一方で「このユーザーはアクション映画が好き」「受賞歴のある名作を好む」といったコンテクスト データ(視聴履歴データ)があると、AI は「最近は 90 年代の SF 映画や受賞歴のある名作に関心がおありのようですので、そのあたりからおすすめしましょうか」と提案できます。
「推論だけで AI が提案すると、顧客には的外れな意見にも感じられ、逆に顧客が離れていくリスクもあります。正確なデータに基づくコンテクストが、持続的な購買行動を支えます」 (鈴木氏)
組織の壁を乗り越える、経営層のコミットメント
多くの企業がデータの重要性を理解しながらも、活用まで至らないケースが多いのも事実です。鈴木氏は、現場が直面する壁として「組織の分断」と「完璧主義」を挙げます。組織の中でデータが分断されているため、KPI がそろわず、混乱が起きているのです。
鈴木氏自身が事業会社に所属していた際、広告のコンバージョンは上がったのに、社長から「売上が上がっていない、利益はどうなのか」と問われた経験があるそうです。
「現場がいかにビジネス課題の本質を理解し、経営と同じ目線で動けるかが重要です。また、“完璧にデータをそろえないとスタートできない” という思い込みも、活用のスピードを遅らせる要因になっています」 (鈴木氏)

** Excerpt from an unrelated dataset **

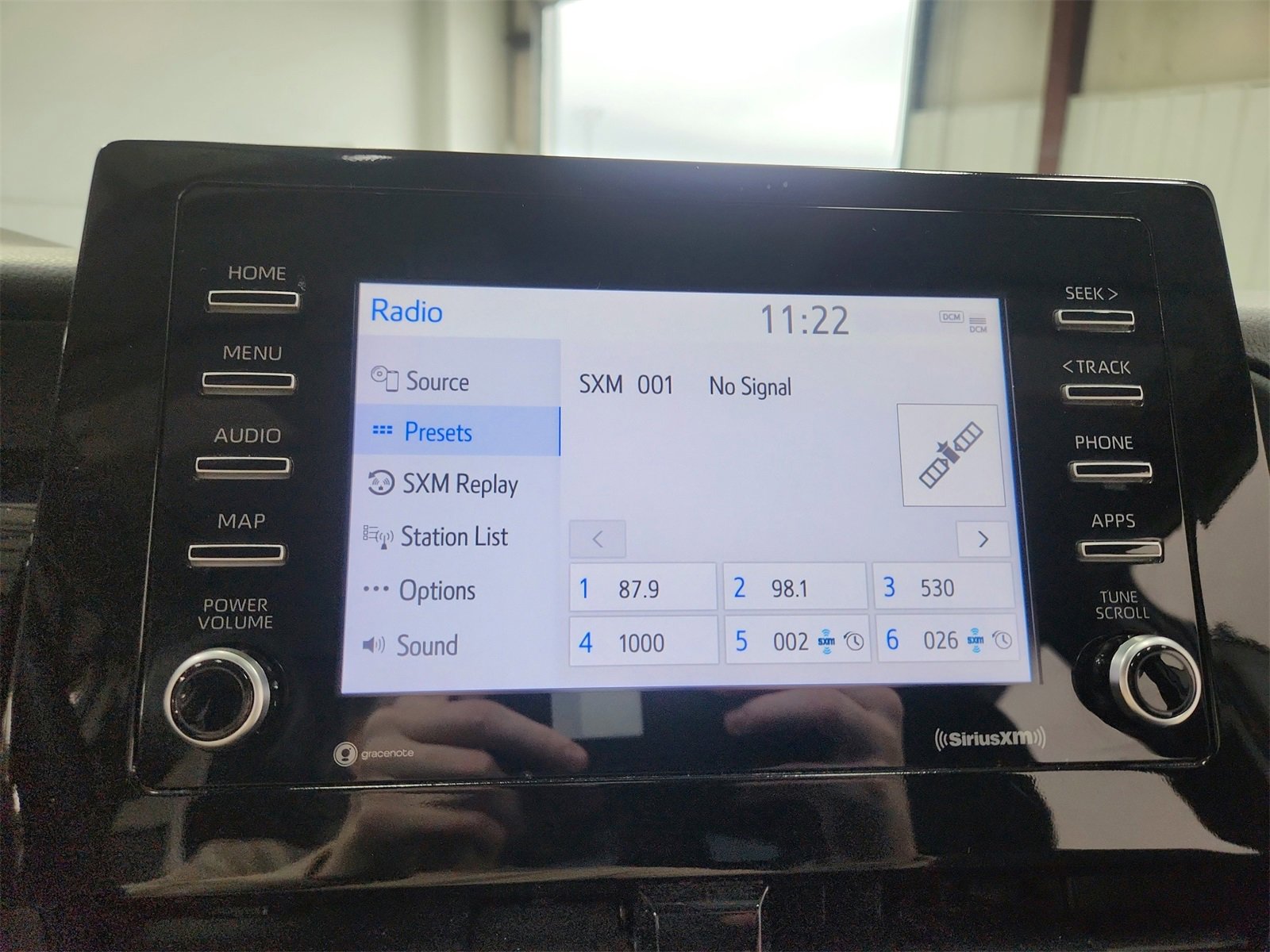 Used 2023 Toyota Camry SE image 26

この壁を乗り越えた成功事例として、武石氏は「3COINS」などを展開する株式会社パルの事例を紹介。パルでは 「OMO 戦略」を掲げ、EC だけでなく店舗への計測や SNS の影響までを横断的に可視化しています。マーケティング組織だけでなく、店舗の現場の方々まで含めた全社的な活動として展開しているのが成功のポイントだと解説します。
CPA の数値だけでの勝負は限界を迎えています。ビジネス課題に対し、いかに自社独自のデータを使いこなし、コンテクストを読み解いて価値を出すのか。AI の学習能力が高い今だからこそ、その手前のデータの扱いが問われています。
武石氏、鈴木氏の根底にあるのは「データは数字の羅列ではなく、ユーザーの行動の背景を読み解くためのカギ」という発想です。ファーストパーティ データからコンテクストを読み取ることが、顧客理解を深め、組織の壁を超えて事業成長へとつながるカギの一つとなるはずです。
総括
プレイド武石氏・鈴木氏の話は、「AI がもはやビジネスのインフラに進化している」という、一つの事実を物語っています。事実、AI を使いこなしている企業は、競合を圧倒し始めており、AI を使いこなしている業界はかつてないスピードで変革が起きています。
こうした時代において、マーケティング活動のスコープは、メディアの運用にとどまるのではなく、ビジネス成果に貢献することまでを見据えることが重要です。その第一歩となるのが、データ計測だと考えています。
AI にはデータが欠かせないものであり、中でもファーストパーティ データは非常に価値のあるものです。
Google としても、「データの充実化」というソリューションを提供し、Google タグ ゲートウェイ をはじめとしたファーストパーティ データの計測や蓄積をより精緻に行っていただけることを目指しています。